- Born: 3 July 1928 Chinchilla, Queensland, Australia
- Died: 25 July 2010 (aged 82) Brisbane, Queensland, Australia
- Citizenship: Papua New Guinean
- Education: Brisbane Central Technical College
- Occupation: Company director
- Years active: 1948–2010
- Organization: Brian Bell Group
- Known for: Businessman, philanthropist
- Spouse: Jean Clough nee Ferguson
- Website: brianbell.com.pg

= Brian Bell (businessman) =

Papa New Guinean businessman (1928–2010)

Sir Brian Ernest Bell CSM, KBE, CStJ (3 July 1928 – 25 July 2010) was an Australian-born businessman who established a business empire in Papua New Guinea.

==Philanthropy and honours==

Bell supported the Port Moresby General Hospital (where he was chairman of the board), the Red Cross and the Port Moresby City Mission. He also served as deputy lord mayor of Port Moresby, a member of the PNG lands board, the Salvation Army advisory board and the PNG law and order committee. He was at one time chairman of UPNG Foundation, the NCD South Pacific Festival of Arts and the Salvation Army Red Shield Appeal.
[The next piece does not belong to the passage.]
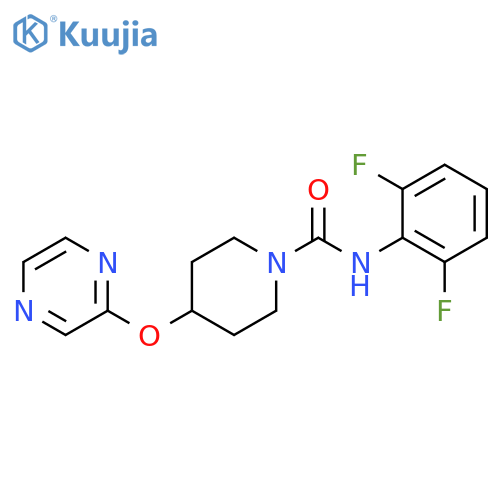 N-(2,6-difluorophenyl)-4-(pyrazin-2-yloxy)piperidine-1-carboxamide structure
Bell also served as patron of AIESEC PNG University. He set up a school outside Port Moresby, helped in offering scholarships and funded many needy and deserving young Papua New Guineans.

Bell was Honorary Consul General in Papua New Guinea for Norway and Sweden and was appointed a Knight of the Royal Norwegian Order of Merit and a Commander of the Order of the Polar Star (Sweden) for his service in those positions. He also received the PNG Community Service Medal, Queen's Jubilee Medal, PNG Independence Medal and the Salvation Army's Order of Distinguished Auxiliary Service.

Bell was appointed a Knight Commander of the Order of the British Empire (KBE) for his contributions to business and charity in Papua New Guinea's 1993 New Year's Day Honours List. He was appointed a Commander (Brother) of the Order of St John in 2004.